Petitioner Austria was employed by Larvik shipping A/S, a manning agent in the Philippines
of a foreign corporation Crystal Shipping Inc. (Respondents). Austria was subjected to Pre-
employment Medical Examination and was certified “fit to work” by the company
designated physician

Austria suffered several times from chronic cough, excessive phlegm and difficulty
breathing during his employment but was certified "fit to work" every time until he was
repatriated back to the Philippines for further medical examination and was found "unfit
for sea duty". Austria claimed against respondent payment for permanent disability
benefits after he was diagnosed with “Dilated Cardiomyopathy, Bicuspid Stenosis” which
rendered him totally unfit for any sea duty, arguing that the same is work-related illness.
Respondents claim otherwise, contending that “Dilated Cardiomyopathy, Bicuspid Stenosis”
is a congenital in nature and was not caused or aggravated by his work as Chief cook.

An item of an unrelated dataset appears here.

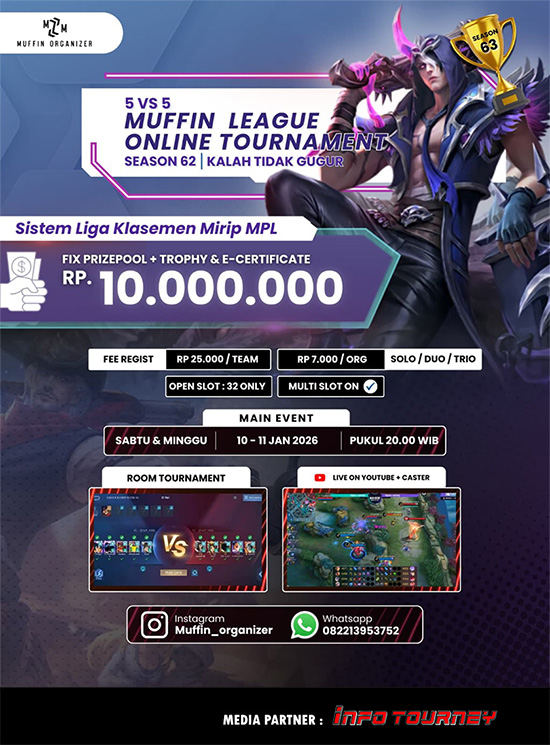 turnamen ml mlbb mole mobile legends januari 2026 muffin season 63 7 poster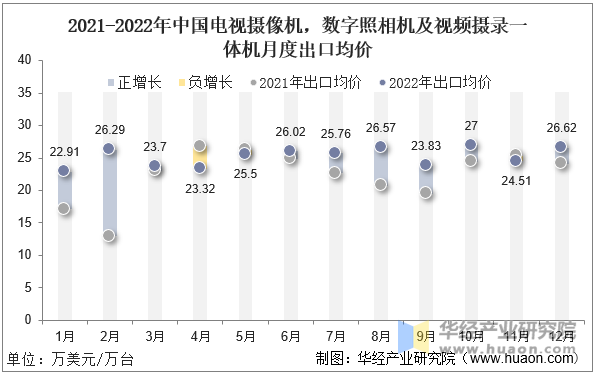 2021-2022年中国电视摄像机，数字照相机及视频摄录一体机月度出口均价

ISSUE:  Whether or not Austria is entitled to permanent total disability benefits.

RULING:

Yes. Austria is entitled to permanent total disability benefits for his work-related
illness, aggravated by his work conditions.

Austria was able to prove by substantial evidence (or that amount of relevant evidence
which a reasonable mind might accept as adequate to justify a conclusion) that his
condition was aggravated by his working condition.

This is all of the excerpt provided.